____ Source material
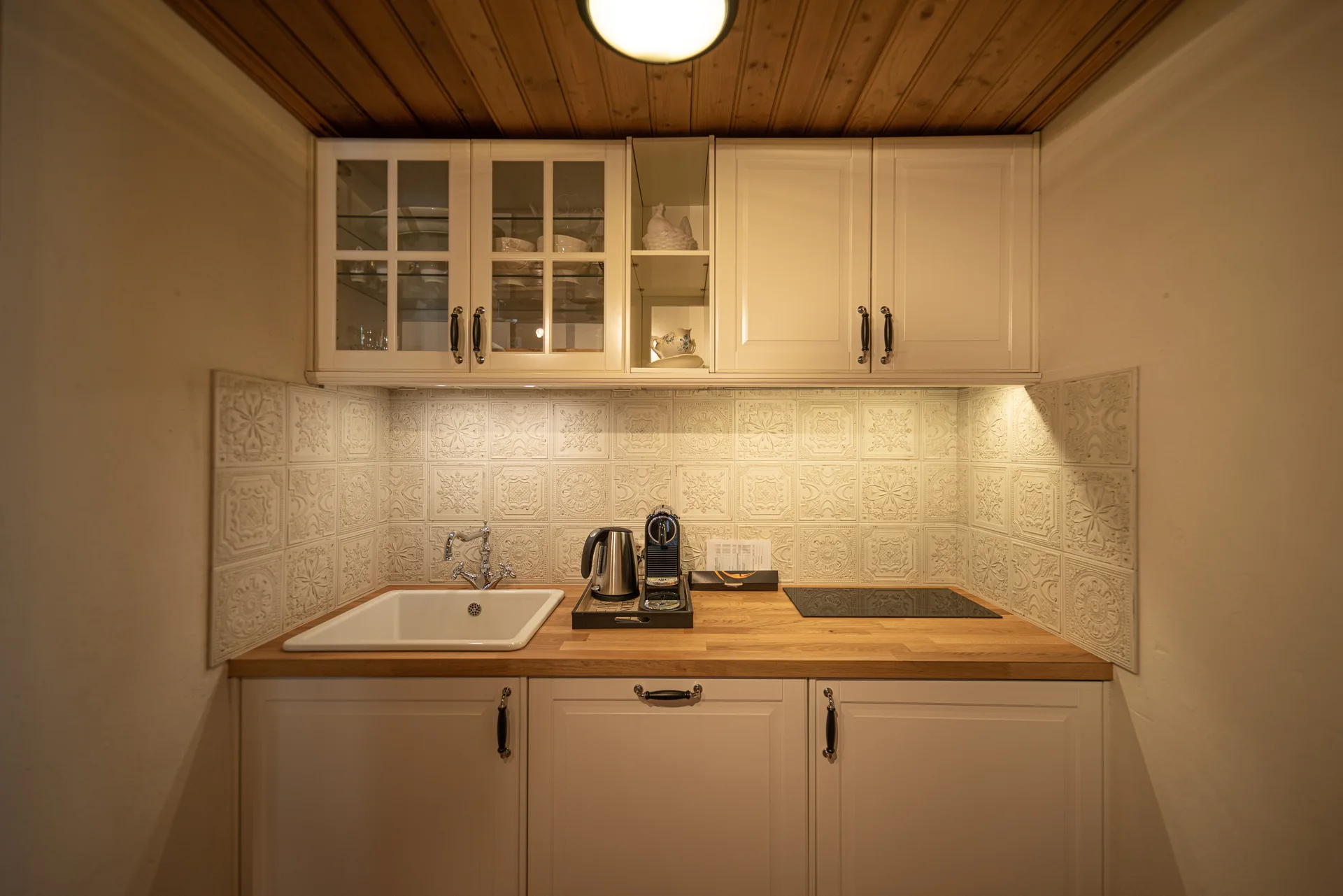 Boutique-Hotel Alpenrose — photo 11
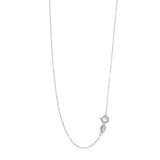 Mini Ball Chain | 925 Silver chain for Pendant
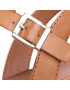 Caprice Сандали 9-28105-24 Кафяв - Pepit.bg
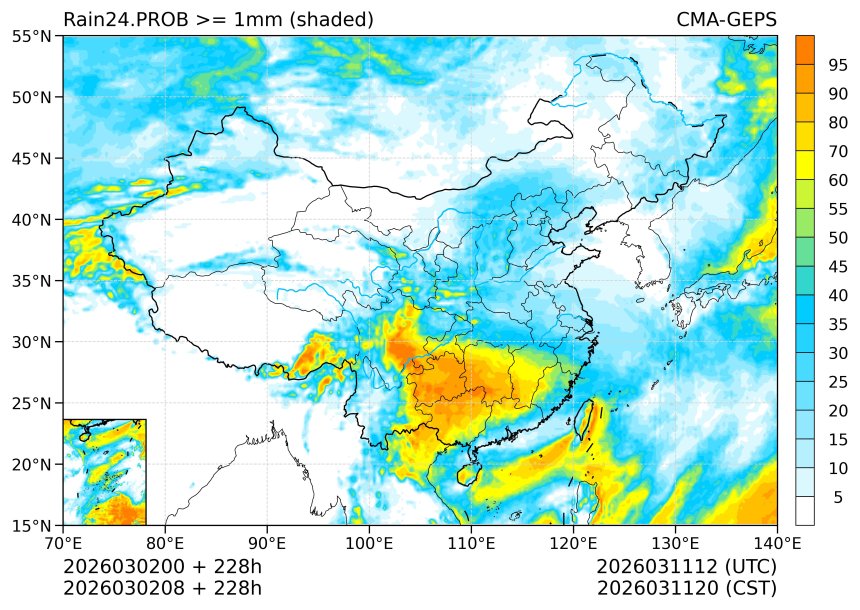 03/02 08时 +228小时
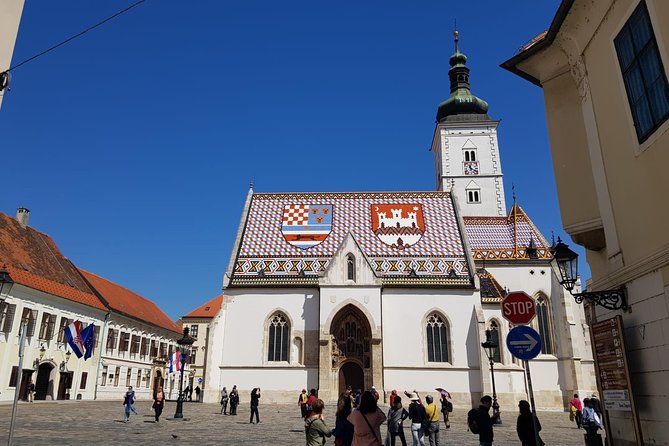 Zagreb Tour With Visit to the Museum of Broken Relationships - Good To Know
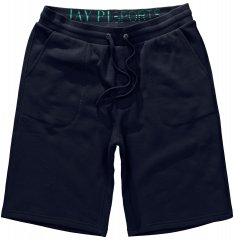 Jay-Pi 804151 Sporta šorti Tumši zils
________
= Exercise brief =
From the line that contains "Zagreb Tour With" to the last line of the data above, inclusive, transcribe every line exactly and only those lines, omitting pictures.

= Solved exercise =
 Zagreb Tour With Visit to the Museum of Broken Relationships - Good To Know
 Jay-Pi 804151 Sporta šorti Tumši zils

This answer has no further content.